The mixing of race and education have always been controversial. Affirmative action was one tool to combat this discrimination. In 1978, the Supreme Court in Board of Regents of California v. Bakke upheld the use of race as one factor that could be considered among others when making college admissions decisions. It was a controversial 5-4 decision, with Justice Lewis Powell writing the controlling opinion defending affirmative action and the use of race in admissions as a means of promoting educational diversity. Twenty-five years later in Grutter v. Bolinger, the Supreme Court in another controversial 5-4 opinion again upheld the use of race and affirmative action in college admissions decisions. This time Justice O’Connor wrote the controlling opinion, yet this time opining that she hoped in another 25 years race no longer would need to be an admissions factor in a color-blind society.

But many in America still resent affirmative action. States such as California have already banned it, and there are calls to shift away from race and instead use economic disadvantage or class in place of it. What if the Supreme Court does ban the use of race in admissions, is class a good proxy or replacement? Not necessarily.

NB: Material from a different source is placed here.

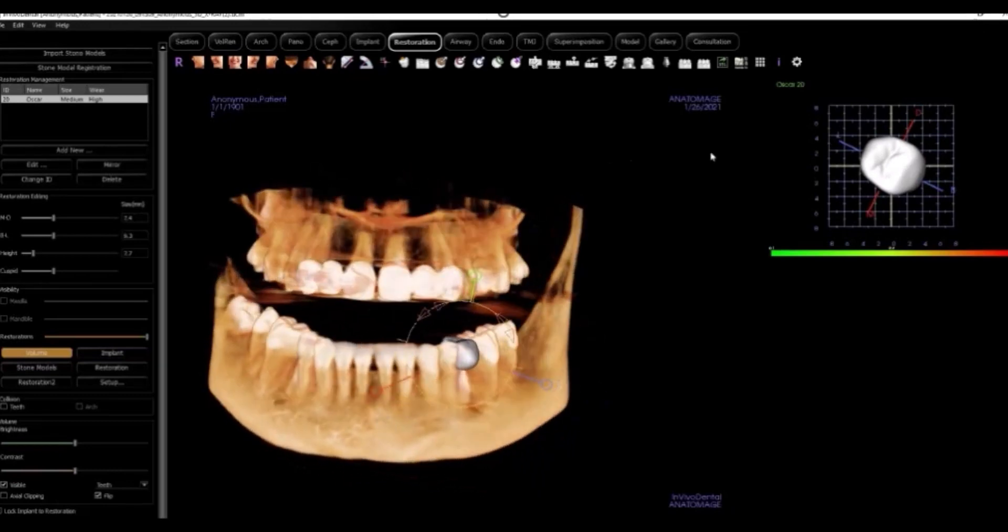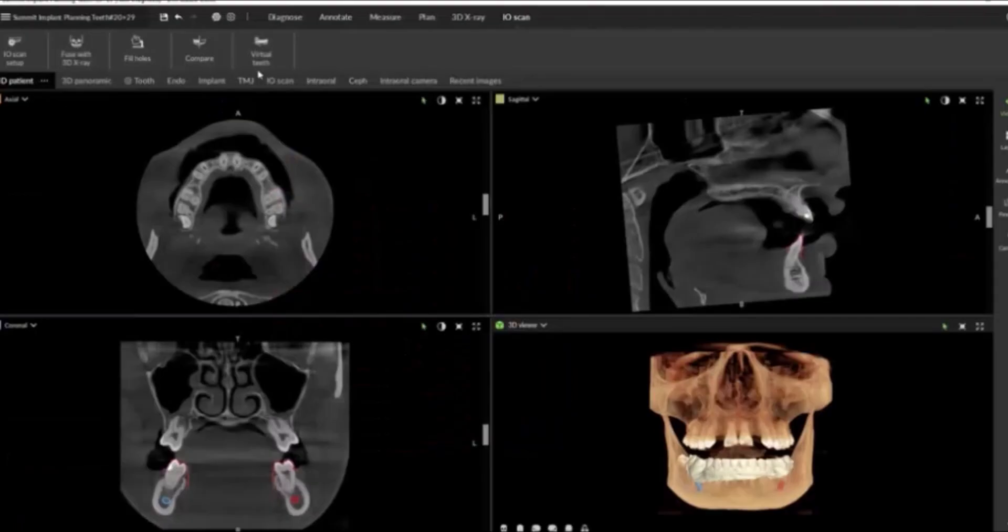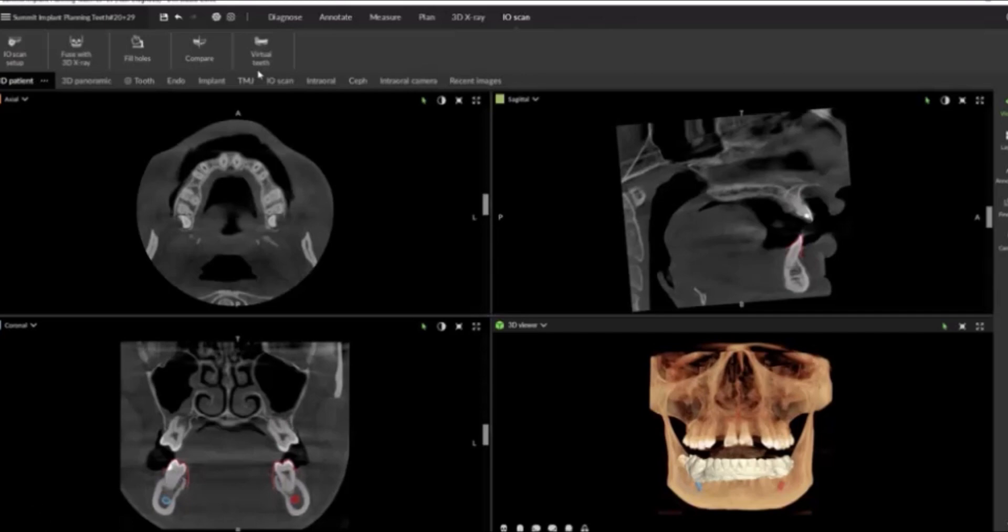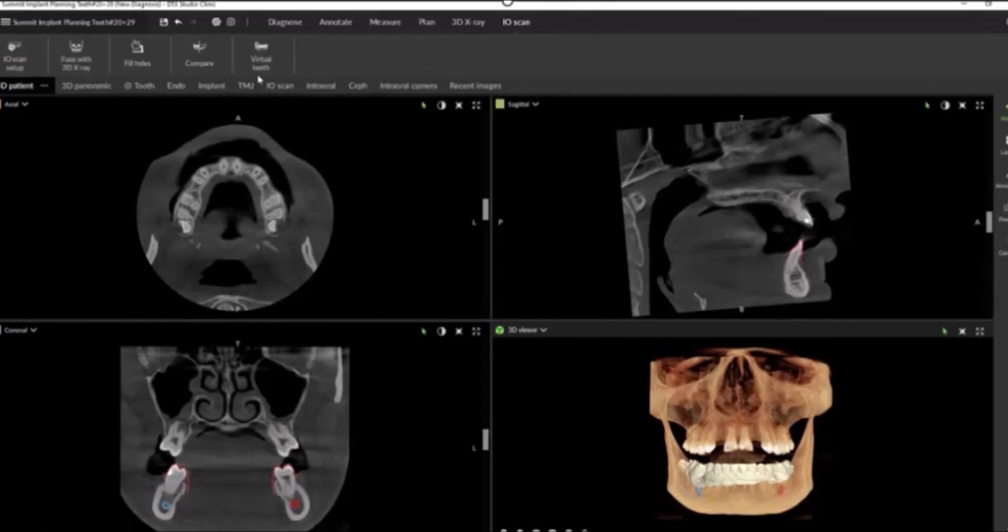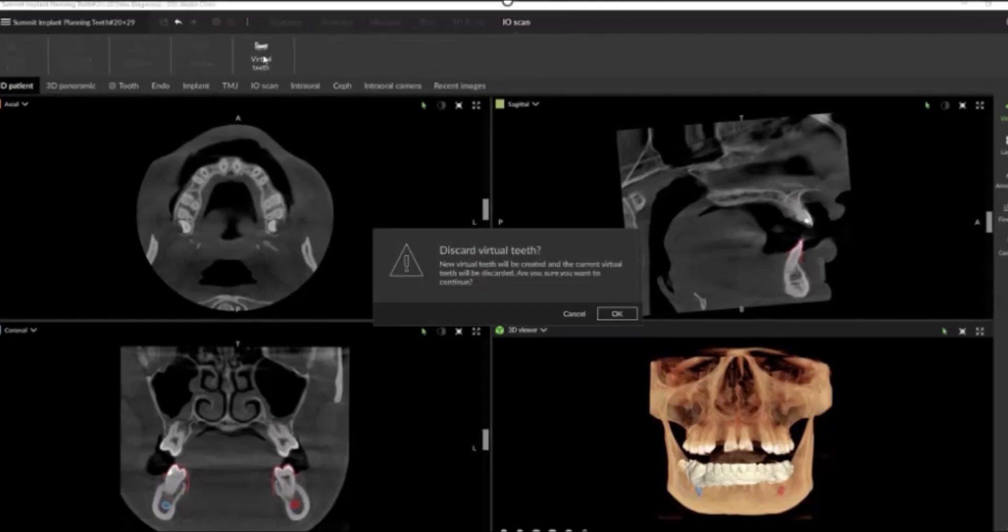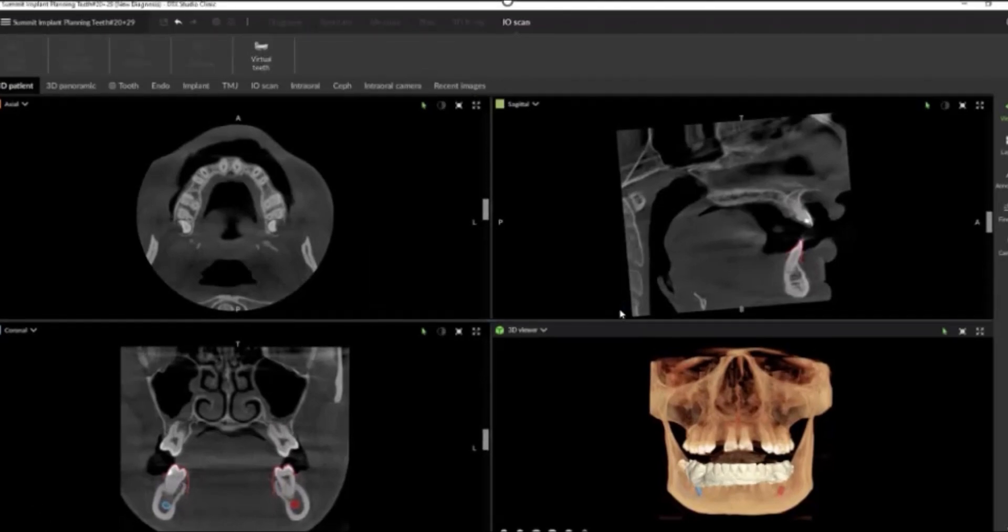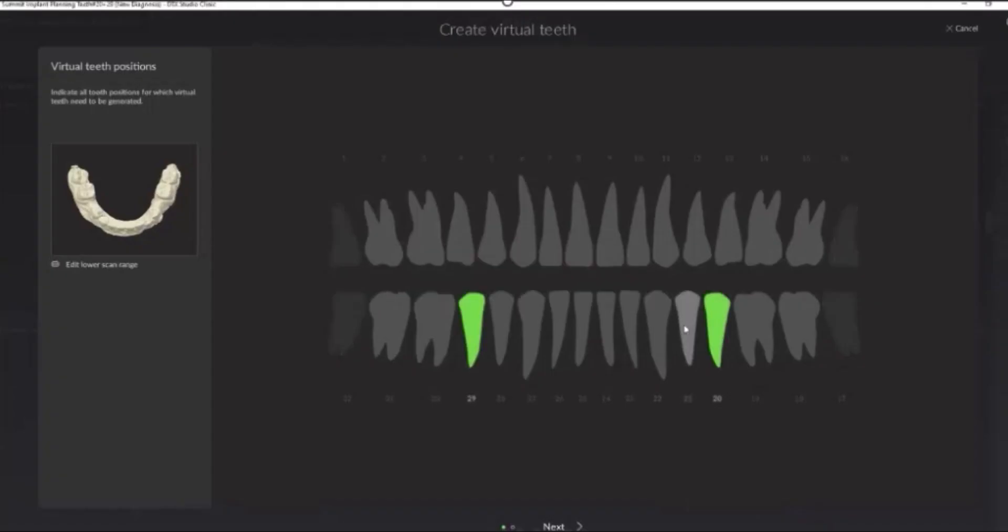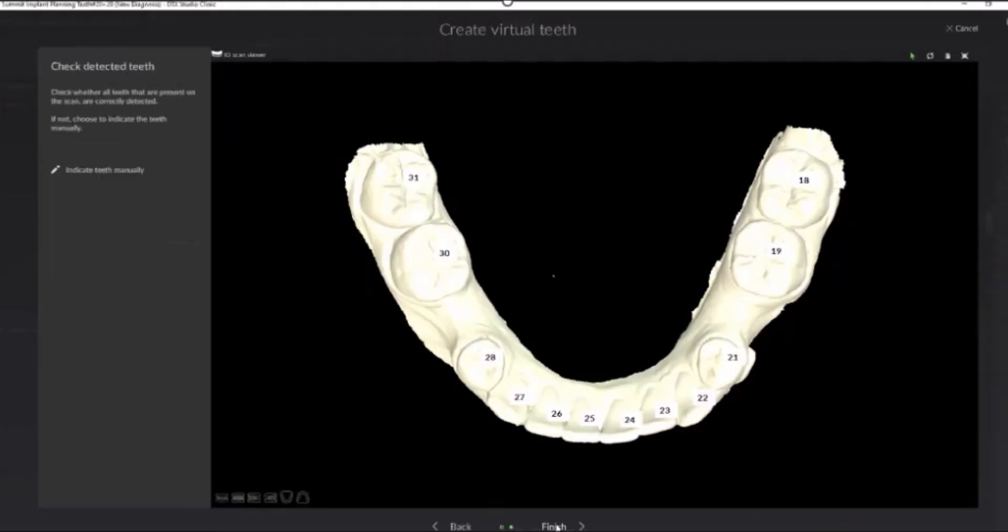Let's see how DTX Studio Clinic handles creating a restoration for crown down implant planning. All we do is select virtual tooth and now we watch our AI take over. First, it recognizes which teeth it needs to create. Then it tooth numbers every tooth in your scan using Magic Assist.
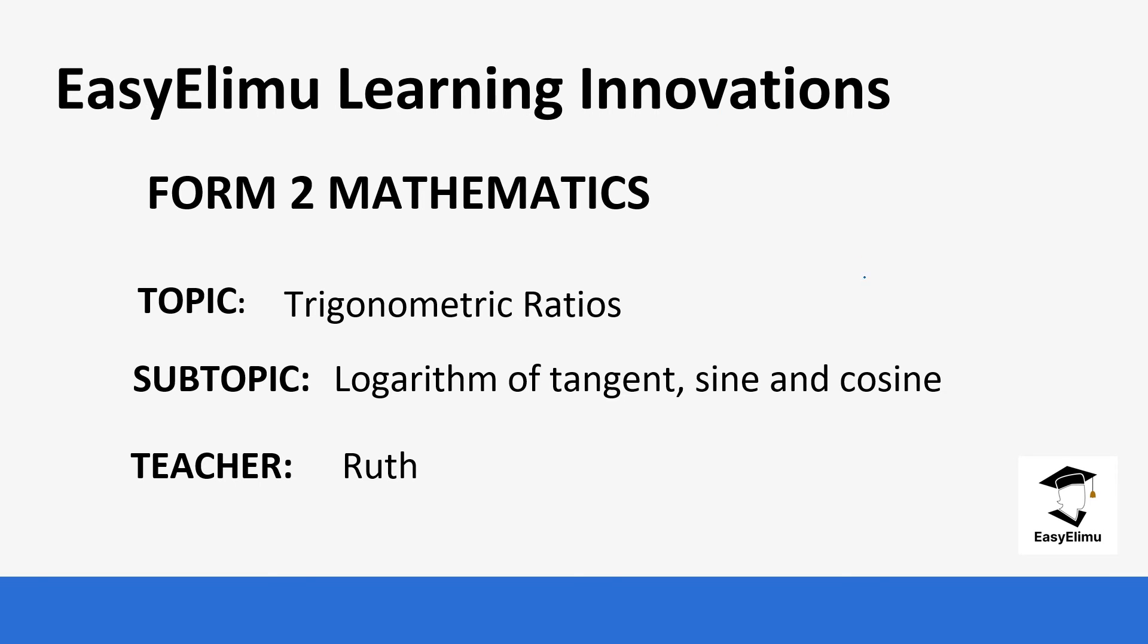Welcome to ETLM Learning Simplified. My name is Ruth and today we are going to be looking at Form 2 Mathematics, the topic is trigonometric ratios and the subtopic is logarithm of tangent, sine and cosine.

The real problem with shifting to class as an admissions criteria is that higher education has closed its doors to the poor, and America is more and more becoming an economically unequal society. The reality is that the poor cannot afford to go to school and higher education no longer seems to want or can afford them.

Consider America’s economic polarization. The first study is from the United States Census Bureau in 2010 describing poverty and income in America. In 2010 the richest five percent of the population accounted for 21 percent of the income, with the top 20 percent receiving more than 50 percent of the total income in the country. This compares to the bottom quintile accounting for about 3 percent of the total income.

A second study by the Center on Budget and Policy Priorities in 2010, drawing upon Congressional Budget Office research, found that the income gap between the top one percent of the population and everyone else more than tripled since 1973. After-tax income for the top one percent increased by 281 percent between 1973 and 2007, while for the middle class or middle quintile it increased by 25 percent, for the bottom quintile it was merely 16 percent. Looking beyond income to wealth, the maldistribution has not been this bad since the 1920s. According to the Institute for Policy Studies, in 2007 the top one-percent controlled almost 34 percent of the wealth in the country, with half of the population possessing less than 3 percent. The racial disparities for wealth mirror those of income. Since 2007, the wealth gap has increased as the value of American homes–the single largest source of wealth for most Americans– has eroded. Studies such as the Survey of Consumer Finances by the Federal Reserve Board have similarly concluded that the wealth gap has increased since the 1980s.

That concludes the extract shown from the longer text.